The accompanying unaudited interim financial statements have been prepared in accordance with generally accepted accounting principles for interim financial information and in accordance with the rules and regulations of the Securities and Exchange Commission. They may not include all information and footnotes required by generally accepted accounting principles for complete financial statements. However, except as disclosed herein, there has been no material changes in the information disclosed in the notes to the financial statements for the year ended September 30, 2008, included in the Company’s Form 10-KSB filed with the Securities and Exchange Commission. The unaudited interim financial statements should be read in conjunction with those financial statements included in the Form 10-KSB. In the opinion of Management, all adjustments considered necessary for a fair presentation, consisting solely of normal recurring adjustments, have been made.
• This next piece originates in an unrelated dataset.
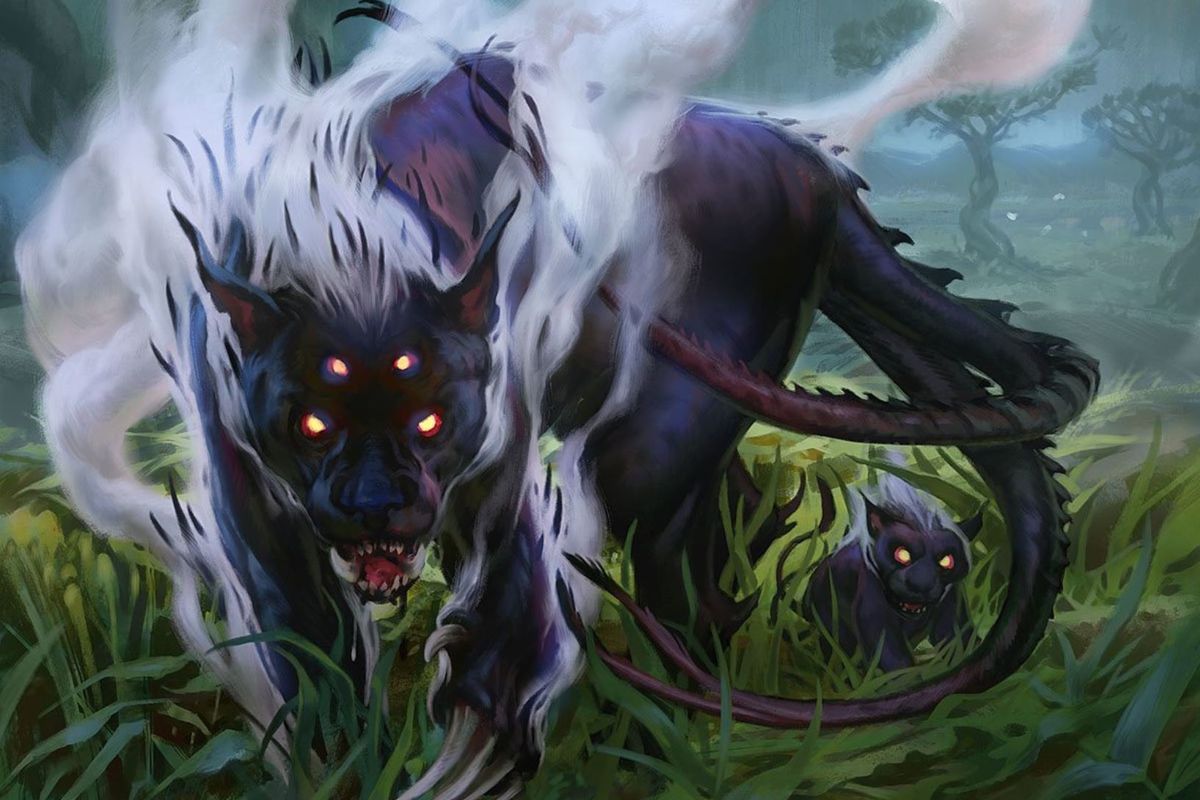 A multi-eyed hell hound is the key art for Magic’s Lurrus companion card.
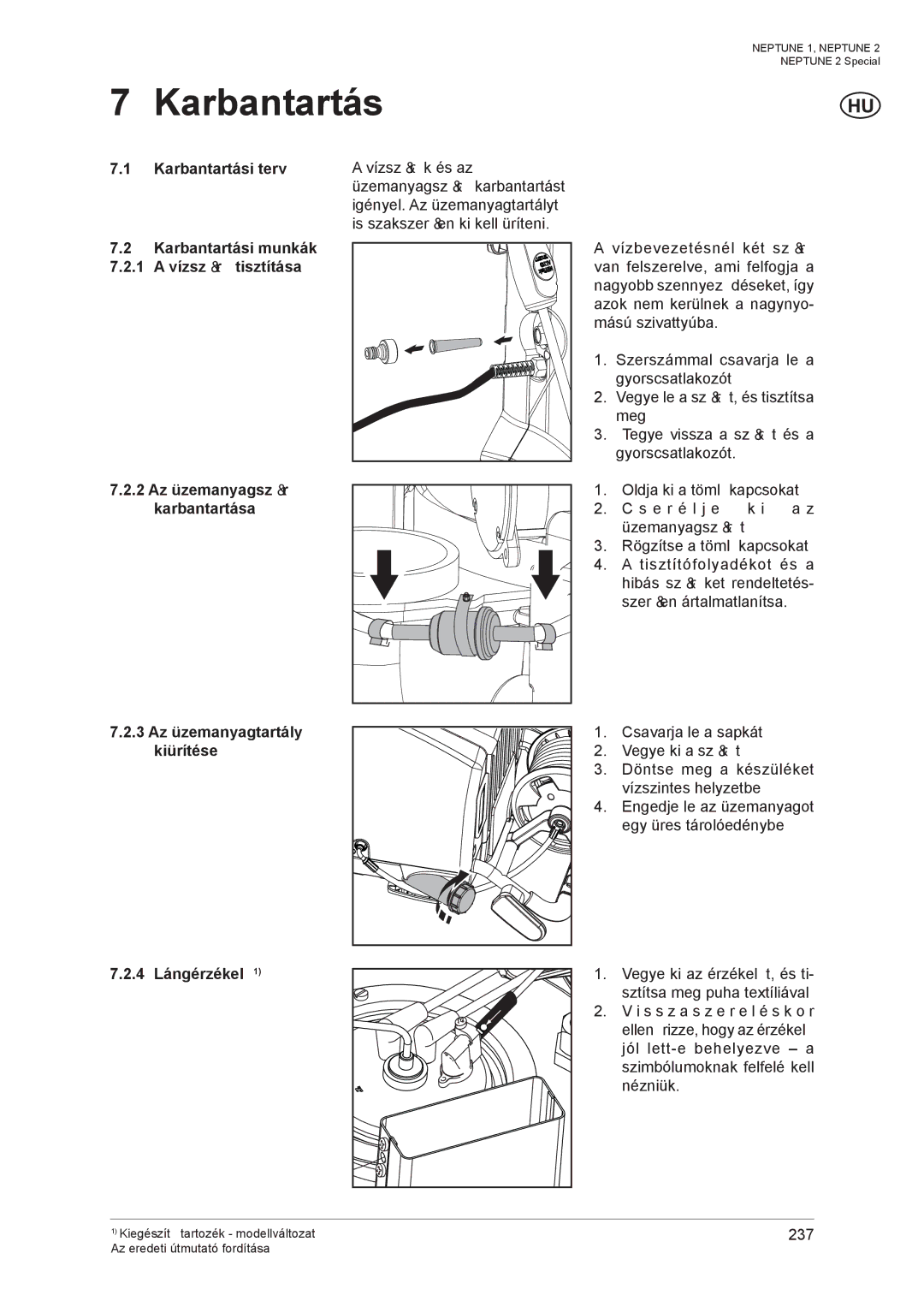 Nilfisk-ALTO NEPTUNE 1 manual Karbantartás, 4 Lángérzékelő1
Operating results for the nine months ended June 30, 2009 are not necessarily indicative of the results that may be expected for the year ending September 30, 2009.

 
2.

SUBSEQUENT EVENT

On July 23, 2009 the Company entered into a non binding letter of intent ("LOI"). The LOI provides that the Company may enter into a merger or share exchange pursuant to the terms of a definitive agreement which the parties have agreed to negotiate in good faith. In connection with the LOI, the Company received a deposit of $50,000.



Item 2. Management's Discussion and Analysis of Financial Condition and Results of Operations.
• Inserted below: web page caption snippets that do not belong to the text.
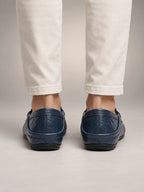 Volantero Men's Leather Travel Loafers with Fold Down Heel in Navy, back view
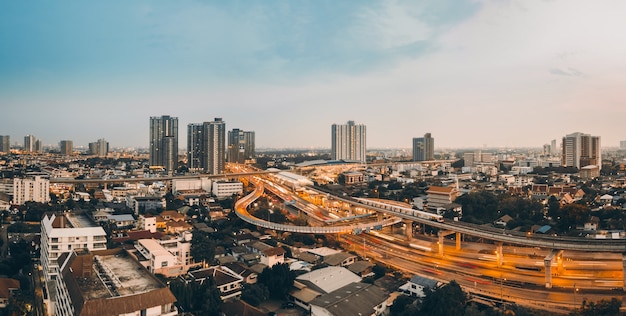 The streets around the city with evening light are high angle Panorama shots.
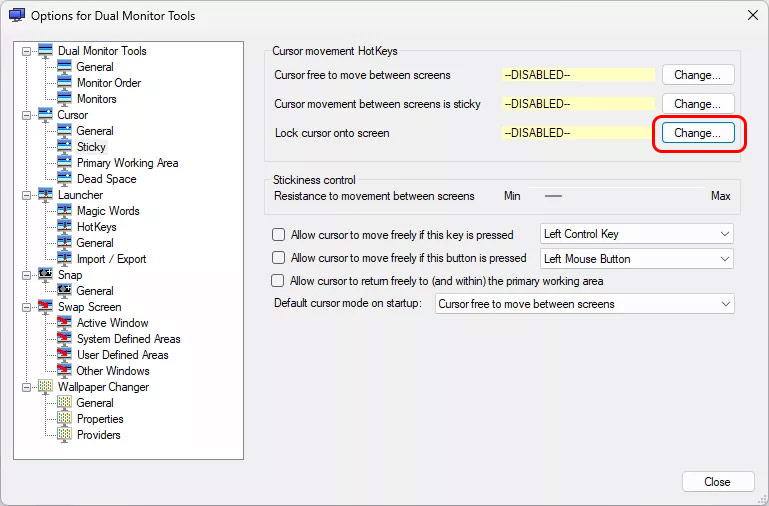 Instructions to lock the mouse to 1 computer screen Picture 2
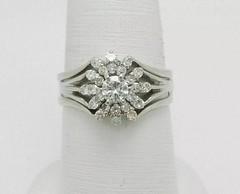 2Ct Art Deco Style Lab-Grown Diamond 14K White Gold FN Wedding Bridal Ring Set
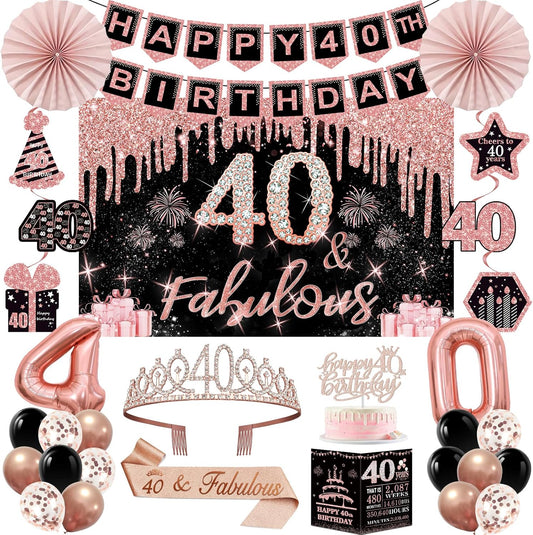 40th Birthday Decorations for Women,32pcs 40th Birthday Party Decorations,Including Backdrop, Crown,Sash,banner, Hanging Swirl,Cake Topper,balloons,Paper Fans,Anniversary Card and paper fans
Forward Looking Statements

In addition to historical information, the following discussion and other parts of this document may contain forward-looking statements. These statements relate to future events or our future financial performance. In some cases, you can identify forward-looking statements by terminology such as "may," "will," "should," "expect," "plan," "anticipate," "believe," "estimate," "predict," "potential," or "continue," the negative of such terms or other comparable terminology. These statements are only predictions. The events described in forward looking statements we make in this Form 10-Q may not occur. Although we believe that the expectations reflected in the forward-looking statements are reasonable, we cannot guarantee future results, levels of activity, performance or achievements. We caution you that these statements are not guarantees of future performance or events and are subject to a number of uncertainties risks and other influences, many of which are beyond our control that may influence the accuracy of the statements and the projections upon which the statements are based. Moreover, neither we nor any other person assume responsibility for the accuracy and completeness of the forward-looking statements. Except as may be required by law, we undertake no obligation to publicly update any of the forward-looking statements after the date of this report to conform such statements to actual results or to changes in our expectations.

Actual results could differ materially from those anticipated by such forward-looking statements. The following discussion should be read in conjunction with the financial statements as well as other financial information appearing elsewhere in this document. Readers are also urged to carefully review and consider the various disclosures made by us which attempt to advise interested parties of the factors which affect our business.

Our Business

The Company was formed in order to seek business opportunities in the area of expertise of the Company's principal stockholder, Mr. Roger Gordon, being biological and/or medical products for animal use. The Company principally operated in the field of generic animal health and nutrition products, specifically medicated feed additives (MFAs). MFAs are used preventively and therapeutically in animal feed to prevent disease and foster growth in livestock. In North America, 90% of all feed to animals contain MFAs, but has been on the decrease in the last five years. Our intended customers operate in the poultry, swine and cattle markets. The Company has historically focused its efforts on generic MFAs, as they have come off patent, therefore making them more economical to register with requisite regulators in the United States and Canada, with a view to bringing the products to market.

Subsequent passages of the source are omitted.